According to the most recent data I can find, Sweden has had about 1.14 million Covid cases and 14,753 Covid deaths (a sizeable chunk of those happening early on in aged care, for which the overseeing epidemiologist, Professor Anders Tegnell, quickly admitted the country’s handling mistakes). Since May of this year Sweden has had one of the lowest rates of Covid in Europe. Its deaths per million across the whole pandemic are now low enough that the press no longer talks about Sweden. The lockdownistas do not want the country to do well.
Meanwhile, a number of British doctors are now predicting that deaths caused by the lockdowns will end up outnumbering the saved Covid deaths by 10 or 20 to 1. And this in a world where the median age of Covid deaths is higher than the country’s average life expectancy for men and for women.
It’s a world where (according to the latest Stanford study) the survival rate for the unvaccinated for these age ranges is: 0-19 (99.9973 per cent); 20-29 (99.986 per cent); 30-39 (99.969 per cent); 40-49 (99.918 per cent); and the survival rate doesn’t drop below 99.7 per cent until you get to the over-70s.
In a world with that sort of risk of dying, if you are under 70 why would you care in the slightest if someone else chooses not to get vaccinated? You started with those great odds and improved them by getting vaccinated. Give anyone under 75 a choice of whether to get Covid or cancer, heart disease or diabetes, and you’re an idiot if you don’t pick Covid.

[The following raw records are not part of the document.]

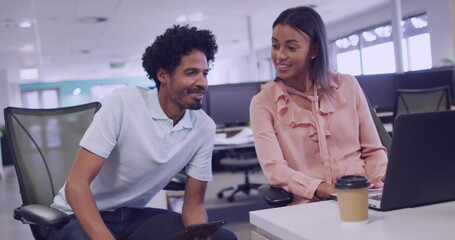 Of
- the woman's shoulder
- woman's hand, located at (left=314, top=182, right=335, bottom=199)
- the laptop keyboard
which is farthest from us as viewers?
the woman's shoulder

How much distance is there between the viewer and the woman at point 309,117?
1527 mm

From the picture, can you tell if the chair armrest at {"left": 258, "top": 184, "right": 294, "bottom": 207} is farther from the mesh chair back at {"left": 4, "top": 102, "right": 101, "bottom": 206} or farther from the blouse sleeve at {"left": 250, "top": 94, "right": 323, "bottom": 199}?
the mesh chair back at {"left": 4, "top": 102, "right": 101, "bottom": 206}

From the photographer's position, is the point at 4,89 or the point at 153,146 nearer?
the point at 153,146

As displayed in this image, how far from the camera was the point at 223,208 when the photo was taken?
4.44 m

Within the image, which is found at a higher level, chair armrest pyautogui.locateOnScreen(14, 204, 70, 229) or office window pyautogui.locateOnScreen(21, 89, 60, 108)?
office window pyautogui.locateOnScreen(21, 89, 60, 108)

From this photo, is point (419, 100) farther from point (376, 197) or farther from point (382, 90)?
point (376, 197)

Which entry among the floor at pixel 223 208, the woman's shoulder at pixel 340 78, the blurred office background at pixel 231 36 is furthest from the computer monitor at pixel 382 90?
the woman's shoulder at pixel 340 78

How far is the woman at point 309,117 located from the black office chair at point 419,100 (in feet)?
8.52

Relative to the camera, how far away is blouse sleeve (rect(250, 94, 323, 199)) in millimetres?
1389

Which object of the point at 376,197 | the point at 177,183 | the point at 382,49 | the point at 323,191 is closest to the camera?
the point at 376,197

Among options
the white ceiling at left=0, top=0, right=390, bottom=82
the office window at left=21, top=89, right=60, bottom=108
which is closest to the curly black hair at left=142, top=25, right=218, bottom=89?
the white ceiling at left=0, top=0, right=390, bottom=82

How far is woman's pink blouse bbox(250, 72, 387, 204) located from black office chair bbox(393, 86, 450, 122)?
2.60 m

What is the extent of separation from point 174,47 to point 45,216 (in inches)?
25.2

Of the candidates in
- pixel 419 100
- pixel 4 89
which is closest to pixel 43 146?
pixel 419 100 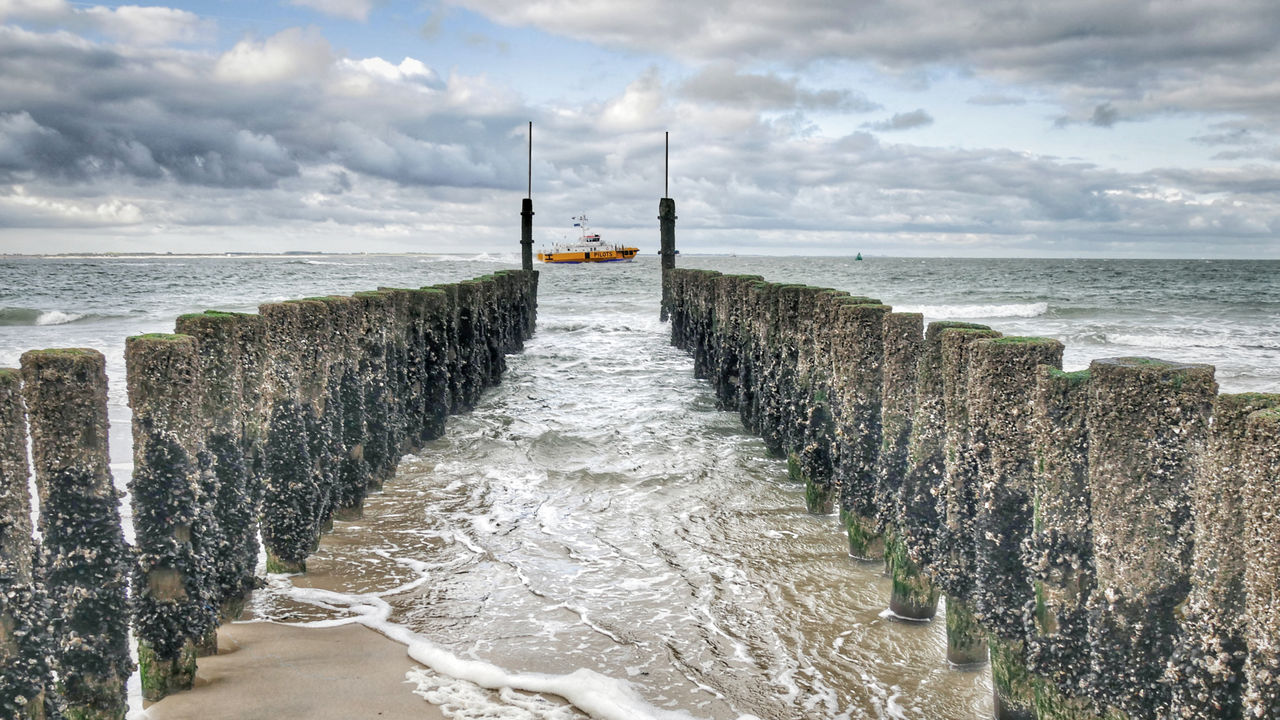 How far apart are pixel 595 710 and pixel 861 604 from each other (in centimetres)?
194

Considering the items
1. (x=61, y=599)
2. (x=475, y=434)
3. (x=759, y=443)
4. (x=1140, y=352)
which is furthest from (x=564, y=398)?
(x=1140, y=352)

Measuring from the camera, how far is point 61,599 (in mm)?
3330

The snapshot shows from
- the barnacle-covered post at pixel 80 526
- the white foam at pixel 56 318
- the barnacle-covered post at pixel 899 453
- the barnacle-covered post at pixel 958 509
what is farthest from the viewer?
the white foam at pixel 56 318

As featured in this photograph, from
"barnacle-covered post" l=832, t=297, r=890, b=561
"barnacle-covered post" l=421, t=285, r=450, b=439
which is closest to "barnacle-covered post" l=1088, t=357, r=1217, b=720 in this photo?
"barnacle-covered post" l=832, t=297, r=890, b=561

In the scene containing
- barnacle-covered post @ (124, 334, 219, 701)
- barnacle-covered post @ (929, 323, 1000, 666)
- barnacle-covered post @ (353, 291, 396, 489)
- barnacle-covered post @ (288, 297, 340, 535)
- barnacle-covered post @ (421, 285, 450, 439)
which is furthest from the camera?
barnacle-covered post @ (421, 285, 450, 439)

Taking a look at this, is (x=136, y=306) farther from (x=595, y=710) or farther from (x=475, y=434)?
(x=595, y=710)

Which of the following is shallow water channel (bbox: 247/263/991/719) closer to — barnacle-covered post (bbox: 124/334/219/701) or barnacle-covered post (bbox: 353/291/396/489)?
barnacle-covered post (bbox: 353/291/396/489)

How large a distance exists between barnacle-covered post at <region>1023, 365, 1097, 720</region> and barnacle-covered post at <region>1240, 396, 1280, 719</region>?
74 centimetres

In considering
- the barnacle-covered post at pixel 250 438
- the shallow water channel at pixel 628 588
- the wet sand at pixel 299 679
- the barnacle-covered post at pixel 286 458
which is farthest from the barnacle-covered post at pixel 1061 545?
the barnacle-covered post at pixel 286 458

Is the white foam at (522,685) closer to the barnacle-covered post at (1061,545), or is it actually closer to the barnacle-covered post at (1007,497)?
the barnacle-covered post at (1007,497)

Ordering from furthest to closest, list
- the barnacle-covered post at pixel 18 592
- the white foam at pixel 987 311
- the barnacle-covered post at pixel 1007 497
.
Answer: the white foam at pixel 987 311, the barnacle-covered post at pixel 1007 497, the barnacle-covered post at pixel 18 592

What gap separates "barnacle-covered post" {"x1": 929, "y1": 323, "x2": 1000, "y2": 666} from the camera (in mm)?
4121

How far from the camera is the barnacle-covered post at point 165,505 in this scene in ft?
12.7

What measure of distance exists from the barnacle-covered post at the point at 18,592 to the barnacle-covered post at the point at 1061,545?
3668 mm
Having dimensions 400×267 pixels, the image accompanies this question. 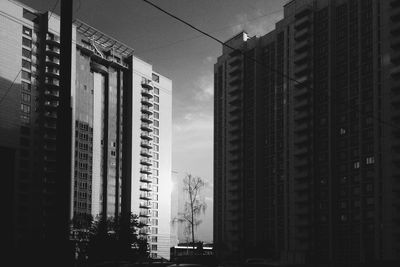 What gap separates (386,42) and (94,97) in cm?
7292

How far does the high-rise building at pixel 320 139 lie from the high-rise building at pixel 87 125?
30652 mm

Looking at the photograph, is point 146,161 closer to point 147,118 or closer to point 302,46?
point 147,118

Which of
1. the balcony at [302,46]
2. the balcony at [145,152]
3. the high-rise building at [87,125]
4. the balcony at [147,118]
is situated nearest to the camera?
the balcony at [302,46]

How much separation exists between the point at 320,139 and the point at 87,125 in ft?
189

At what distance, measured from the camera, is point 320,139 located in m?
104

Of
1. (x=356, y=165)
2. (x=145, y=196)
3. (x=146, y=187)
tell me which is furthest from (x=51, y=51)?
(x=356, y=165)

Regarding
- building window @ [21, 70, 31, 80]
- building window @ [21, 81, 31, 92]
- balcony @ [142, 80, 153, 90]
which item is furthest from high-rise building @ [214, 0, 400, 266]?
building window @ [21, 70, 31, 80]

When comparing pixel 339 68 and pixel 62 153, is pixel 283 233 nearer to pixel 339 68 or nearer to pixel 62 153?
pixel 339 68

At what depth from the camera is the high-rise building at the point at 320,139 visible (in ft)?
299

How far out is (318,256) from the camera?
99.2 metres

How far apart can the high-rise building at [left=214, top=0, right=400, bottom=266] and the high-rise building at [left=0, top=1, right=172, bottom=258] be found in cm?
3065

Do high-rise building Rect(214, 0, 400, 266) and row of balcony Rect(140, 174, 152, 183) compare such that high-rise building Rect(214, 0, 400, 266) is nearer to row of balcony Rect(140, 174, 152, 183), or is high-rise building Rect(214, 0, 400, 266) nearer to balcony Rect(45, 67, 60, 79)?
row of balcony Rect(140, 174, 152, 183)

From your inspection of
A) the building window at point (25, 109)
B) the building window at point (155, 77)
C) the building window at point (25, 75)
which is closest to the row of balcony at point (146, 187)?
the building window at point (155, 77)

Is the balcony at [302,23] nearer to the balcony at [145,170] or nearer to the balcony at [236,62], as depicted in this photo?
the balcony at [236,62] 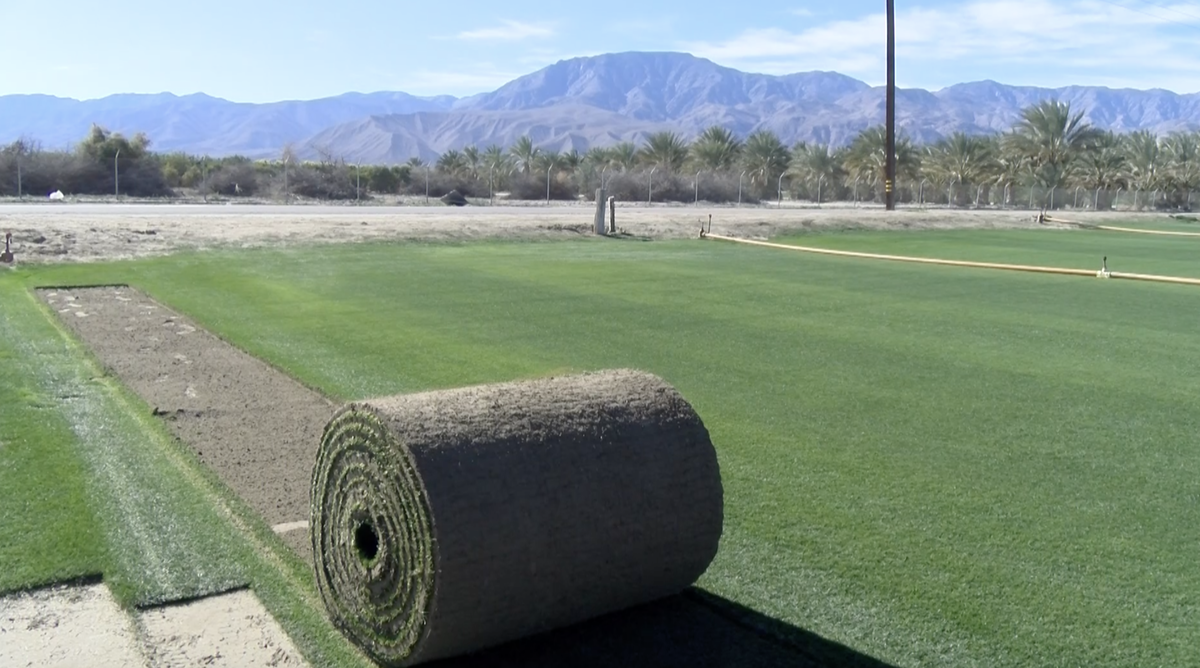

The whole vaccine-passport mandate position (full disclosure, to have some hope of seeing my kids who live overseas I’m doublejabbed) is premised on people having no clue at all of their relative risks. Add in a dollop of “take the worst imaginable outcome modelling”. Throw in a media and press corps that is either stupid or longs for the reincarnation of Pravda. Stir. And you have Australia, readers.
We’re not the world’s best handlers of Covid. From early on it was plain we were on a trajectory to be the world’s worst. And with every year that passes, that will become ever more obvious.
James Allan is the Garrick
professor of law at the University of Queensland.